Exercise: Return, with both end lines included, exactly what the data below holds from the line with "In this video, we're" through the line with "After that, we're", though not the pictures.

Records supplied:
#####

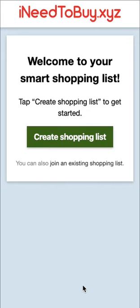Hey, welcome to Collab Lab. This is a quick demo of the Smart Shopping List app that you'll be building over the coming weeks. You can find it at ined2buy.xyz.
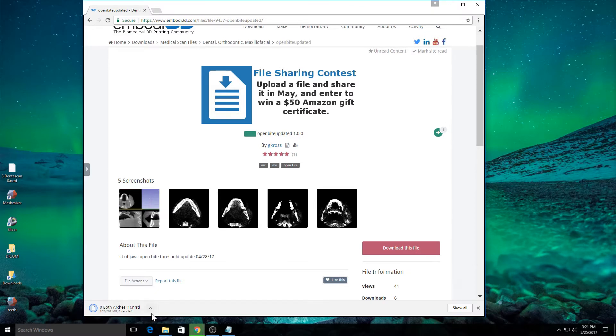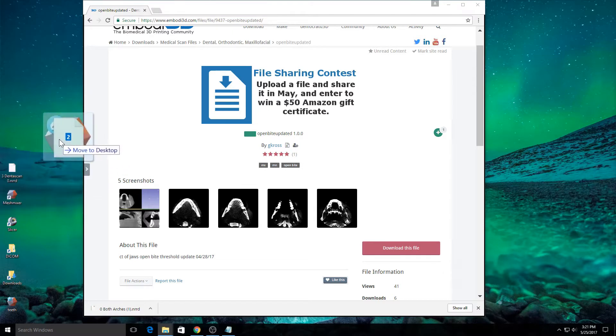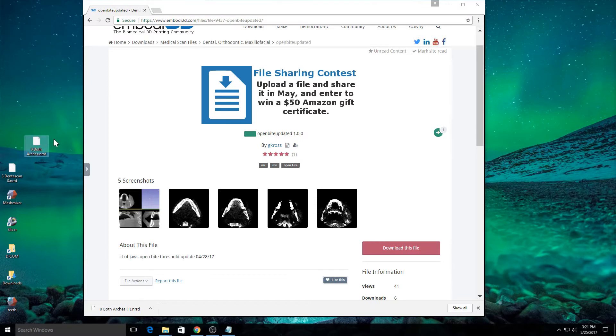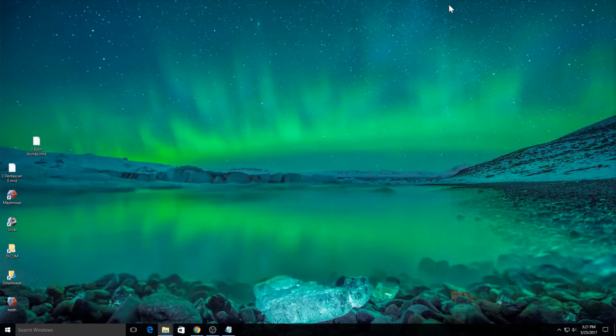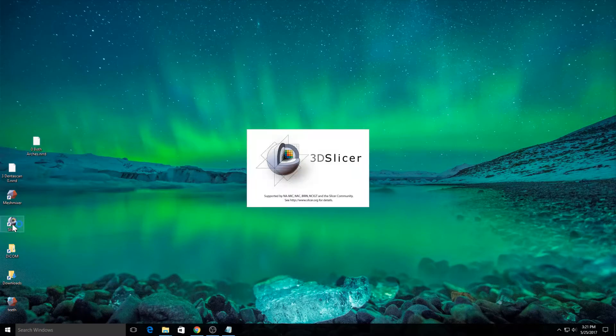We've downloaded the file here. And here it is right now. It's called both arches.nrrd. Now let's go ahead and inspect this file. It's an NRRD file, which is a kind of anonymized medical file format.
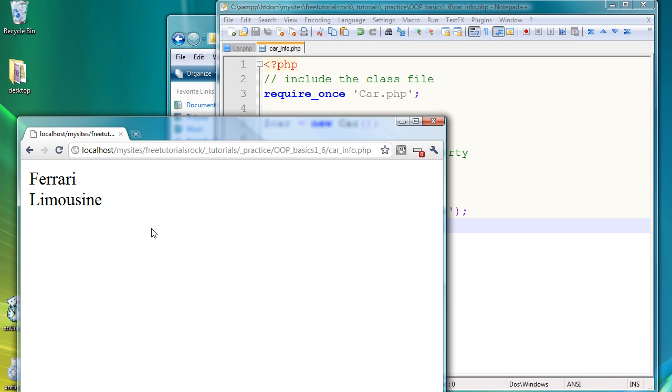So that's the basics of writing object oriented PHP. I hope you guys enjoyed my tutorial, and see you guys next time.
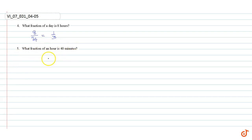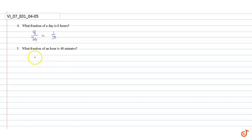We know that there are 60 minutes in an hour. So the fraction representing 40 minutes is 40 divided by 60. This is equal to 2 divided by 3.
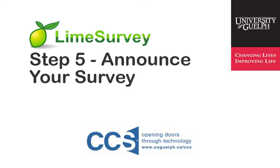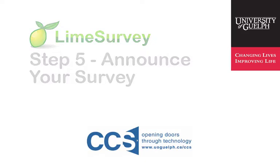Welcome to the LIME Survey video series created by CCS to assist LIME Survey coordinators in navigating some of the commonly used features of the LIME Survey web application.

#####

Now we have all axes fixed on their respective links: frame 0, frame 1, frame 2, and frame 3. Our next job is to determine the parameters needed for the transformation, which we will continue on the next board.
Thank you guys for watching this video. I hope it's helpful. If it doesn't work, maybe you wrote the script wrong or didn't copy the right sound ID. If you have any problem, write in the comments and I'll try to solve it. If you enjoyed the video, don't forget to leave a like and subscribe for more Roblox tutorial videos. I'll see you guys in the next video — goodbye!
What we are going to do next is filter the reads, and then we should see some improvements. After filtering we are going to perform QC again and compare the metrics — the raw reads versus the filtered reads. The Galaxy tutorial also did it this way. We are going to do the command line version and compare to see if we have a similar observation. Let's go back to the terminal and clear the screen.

#####

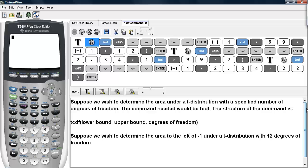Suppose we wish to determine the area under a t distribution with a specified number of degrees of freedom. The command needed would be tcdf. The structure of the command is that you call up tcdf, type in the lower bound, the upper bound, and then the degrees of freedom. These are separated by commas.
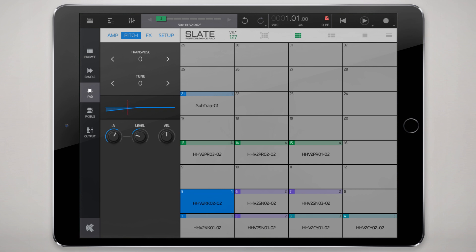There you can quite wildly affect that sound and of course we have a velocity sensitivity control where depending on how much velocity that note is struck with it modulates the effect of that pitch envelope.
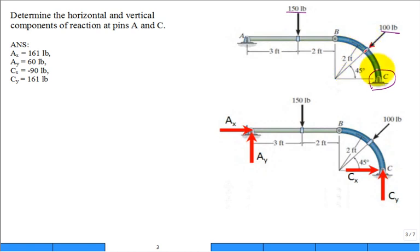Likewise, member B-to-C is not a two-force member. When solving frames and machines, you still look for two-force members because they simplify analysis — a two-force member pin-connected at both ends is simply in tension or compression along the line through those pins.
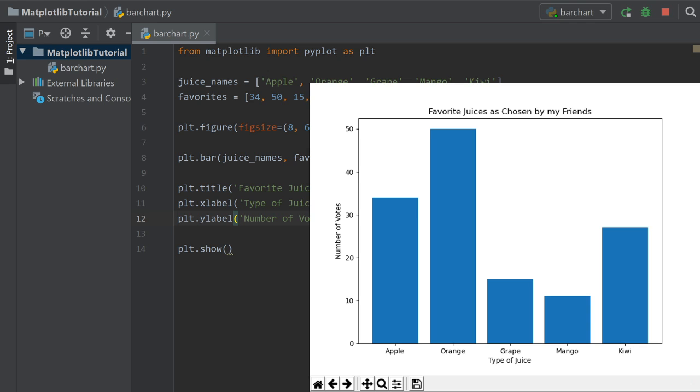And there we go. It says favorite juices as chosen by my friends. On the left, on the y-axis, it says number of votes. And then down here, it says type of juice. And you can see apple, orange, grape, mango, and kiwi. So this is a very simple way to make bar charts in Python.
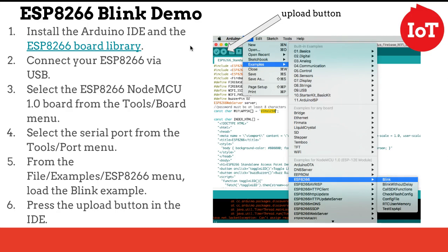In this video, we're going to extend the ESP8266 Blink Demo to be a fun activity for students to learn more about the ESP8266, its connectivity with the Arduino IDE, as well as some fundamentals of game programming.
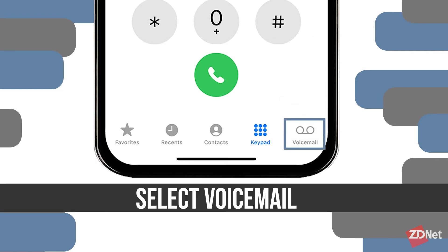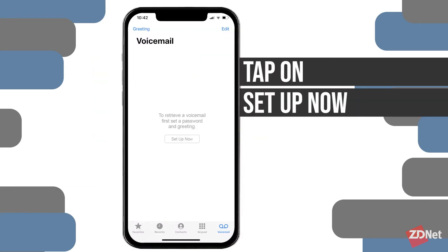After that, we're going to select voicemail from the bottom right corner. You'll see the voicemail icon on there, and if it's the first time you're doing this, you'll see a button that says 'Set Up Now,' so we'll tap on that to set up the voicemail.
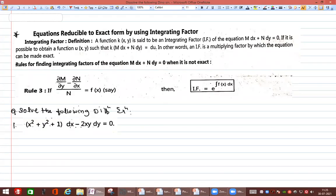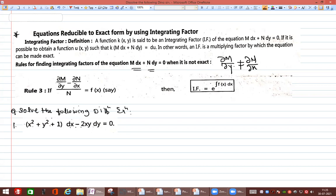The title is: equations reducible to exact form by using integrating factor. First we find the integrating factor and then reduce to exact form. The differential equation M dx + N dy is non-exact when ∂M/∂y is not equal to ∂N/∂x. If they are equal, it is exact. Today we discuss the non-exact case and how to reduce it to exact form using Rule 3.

#####

Task output:
In this video, we're going to extend the ESP8266 Blink Demo to be a fun activity for students to learn more about the ESP8266, its connectivity with the Arduino IDE, as well as some fundamentals of game programming.
After that, we're going to select voicemail from the bottom right corner. You'll see the voicemail icon on there, and if it's the first time you're doing this, you'll see a button that says 'Set Up Now,' so we'll tap on that to set up the voicemail.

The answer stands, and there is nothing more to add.